Yes, it is the season of deceit from our corporate drenched politicians, from Newt Gingrich to Obama. Gingrich is working hard to walk back his one season quickie with Nancy Pelosi on climate change and his longer, more torrid and meaningful affair with the individual health insurance mandate. More difficult for him, Gingrich has to convince the Republican electorate that he is just as batty as they are. Meanwhile, Obama has to walk back his multiple affairs with bankers' friends from Rubin to Geithner and his love affair with Dick Cheney's civil liberties policies in order to try and convince us that he really cares about regular folks and may even have an interest in saving the nation.

What was really funny to me was how, in 24 hours of each other, each of these deeply compromised politicians disinterred Theodore Roosevelt and proclaimed themselves the inheritor of his mantle. It brings to mind Chomsky's point in the 1990s that Gingrich and Clinton were essentially the same in their pursuit of the financial and corporate agenda.

Here
is Gingrich talking with Glenn Beck:

GLENN: ...Let’s start with ‑‑ let’s start with a piece of audio here where you were talking about healthcare and you went down the progressive road with Theodore Roosevelt.

GINGRICH: And for government to not leave guarantees that you don’t have the ability to change, no private corporation has the purchasing power or the ability to reshape the health system, and in this sense I guess I’m a Theodore Roosevelt Republican. In fact, if I were going to characterize my ‑‑ on health where I come from, I’m a Theodore Roosevelt Republican and I believe government can lean in the regulatory leaning is okay.

GLENN: Regulation and the government scares the crap out of me and I think most Tea Party kind of leaning conservatives, and Theodore Roosevelt was the guy who started the Progressive Party. How would you characterize your relationship with the progressive ideals of Theodore Roosevelt?

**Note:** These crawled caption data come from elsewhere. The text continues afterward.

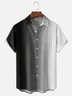Moisture-Wicking Gradient Stripe Chest Pocket Hawaiian Shirt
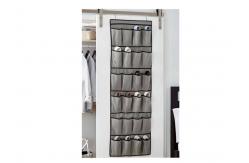 China 24 Large Pockets Cloth Over The Door Shoe Organizer supplier
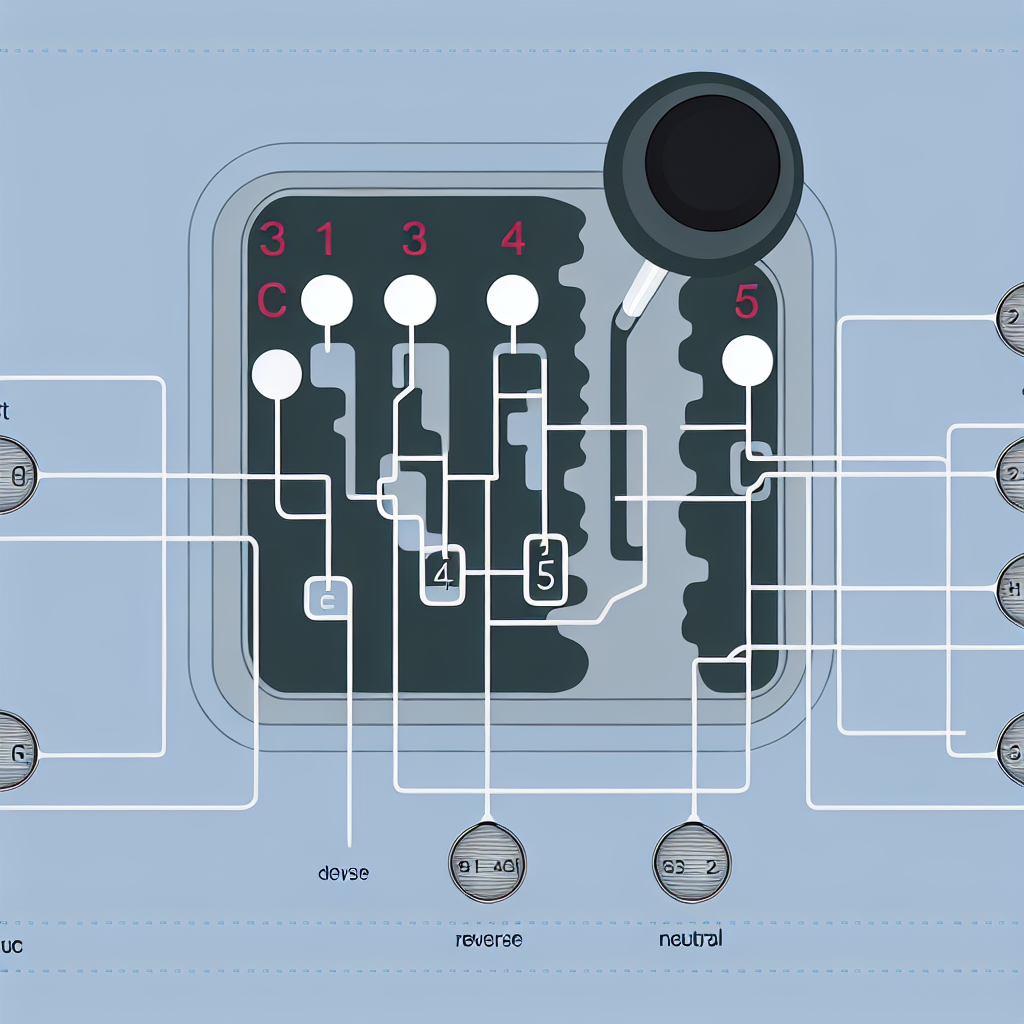 Manual Transmission Gear Shift Layout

GINGRICH: Well, that depends on which phase of Roosevelt you’re talking about. The 1912, he’s become a big government, centralized power advocate running an a third party candidate which, for example, Roosevelt advocated the Food and Drug Act after he was eating ‑‑ and this supposedly the story, after he was eating sausage and eggs while reading up to Sinclair’s The Jungle, which has a scene in which a man falls into a vat at the sausage factory and becomes part of the sausage. And if you go back to that era where people had ‑‑ dealing with the Chinese where the people had doctored food, they had put all sorts of junk in food, they ‑‑ you know, I as a child who lived in Europe and I always marveled at the fact that American water is drinkable virtually anywhere."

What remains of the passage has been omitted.